También hay llanto en los relatos bíblicos de la Pasión, también hubo lágrimas en la primera Semana Santa, la que dio origen a todo lo que somos. Nos fijamos en tres personajes que derramaron lágrimas en aquellos días cuya memoria celebramos.
Las mujeres de Jerusalén. Lo recordamos en una de las estaciones del Viacrucis. Las mujeres lloran por Jesús y su dolor: no puede con la cruz y se encamina a una condena que no merece. El todopoderoso Hijo de Dios suscita compasión en los seres humanos, en aquellas que tienen sensibilidad ante los sufrimientos del inocente.

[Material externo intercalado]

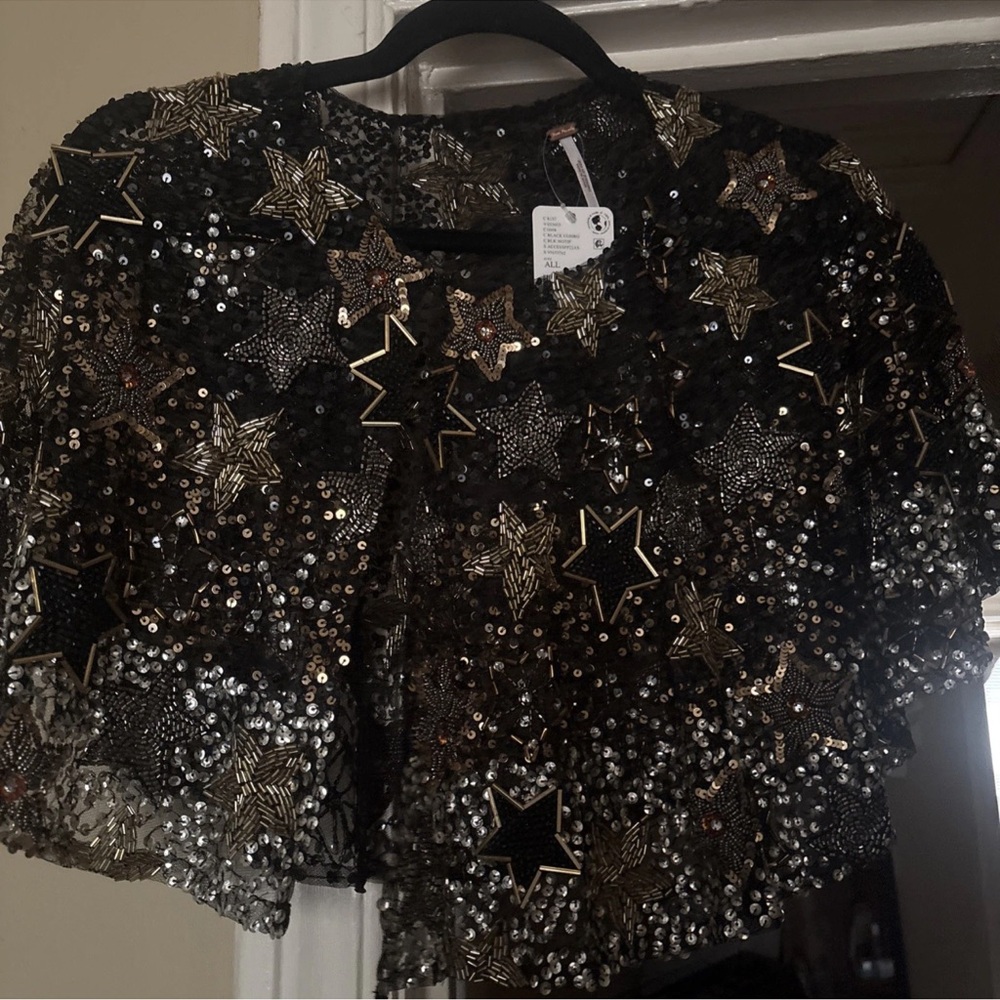 Free people SOLD OUT,  NWT stars of the show beaded cape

Pero Jesús corrige sus lágrimas, les invita a cambiar el motivo de su dolor: existen causas más graves para lamentarse y llorar. Las mujeres deben llorar por ellas y sus hijos, por su pecado y su camino sin futuro. El dolor de Jesús está habitado por la misión, por el Padre, por el futuro de la resurrección; pero, ¿quién habita el dolor de aquellos que no esperan, que solo viven para sí mismos? La condena de Jesús nos obliga a mirar la mísera condición de nuestra sociedad autosuficiente, que está llevando al suplicio al mismo Dios.
La Semana Santa
Para esto debería servir la Semana Santa, esta Semana Santa: nuestras familias son dignas de compasión, nuestra sociedad se debate en la desesperanza, nuestros hijos se han llenado de placer y han perdido el rumbo. ¿Cuántos aprenderan, en estos días, a mirar de otra manera, desde Dios, desde el Crucificado, nuestras vidas erradas?
Un segundo llanto lo encontramos en Simón Pedro, en el patio del palacio del Sumo Sacerdote. Es jueves, de noche: Jesús está dentro, afirmando su condición de Hijo y siendo condenado por ello; Pedro está fuera, negando su condición de discípulo para no ser perseguido por ello. Había seguido de cerca al Maestro, quería estar a su lado hasta el final, pero no fue capaz: sus miedos le hicieron renegar del Amigo.
Cuando se da cuenta, Pedro sale del palacio y llora amargamente, le duele su traición y se convierte. ¿Cuántos discípulos llorarán en estos días por su propio pecado, por tantas veces como han negado a su Maestro? Muchos de los que salimos en público a profesar nuestra devoción en estos días, negamos nuestra condición de cristianos en el trabajo diario, en el círculo de amigos, en nuestros comportamientos sociales… en la misma familia. Muchos que se revisten de religiosidad en estos días se quitan el traje de creyentes durante el resto del año. ¿No deberíamos llorar, como Pedro, porque traicionamos al Amigo, porque negamos a aquel que nos llamó y nos avergüenza que nos consideren de los suyos, de su familia, miembros de su Iglesia?
Llanto de la Pasión
El tercer llanto de la Pasión es el de Jesús mismo, lo cuenta la carta a los Hebreos: en Getsemaní, el Hijo ofreció lágrimas y llanto a Aquel que podía librarlo de la muerte; y fue escuchado.
Jesús llora porque la obediencia a la voluntad de Dios rasga su propia voluntad humana. Cuesta beber el cáliz de la fe, la hora de Dios nos echa para atrás, su voluntad no coincide con la nuestra y es duro luchar para que venza él en nuestras vidas.
Es un poco egoísta llorar solo por nuestros sufrimientos. Las lágrimas deben ir mucho más allá, están llamadas a ser signo doloroso de nuestra condición de convertidos y de hijos de Dios; de hombres y mujeres que buscan, ante todo, el Reino de Jesús y rezan con verdad en el Padrenuestro la petición de Jesús en la pasión: “Hágase tu voluntad”.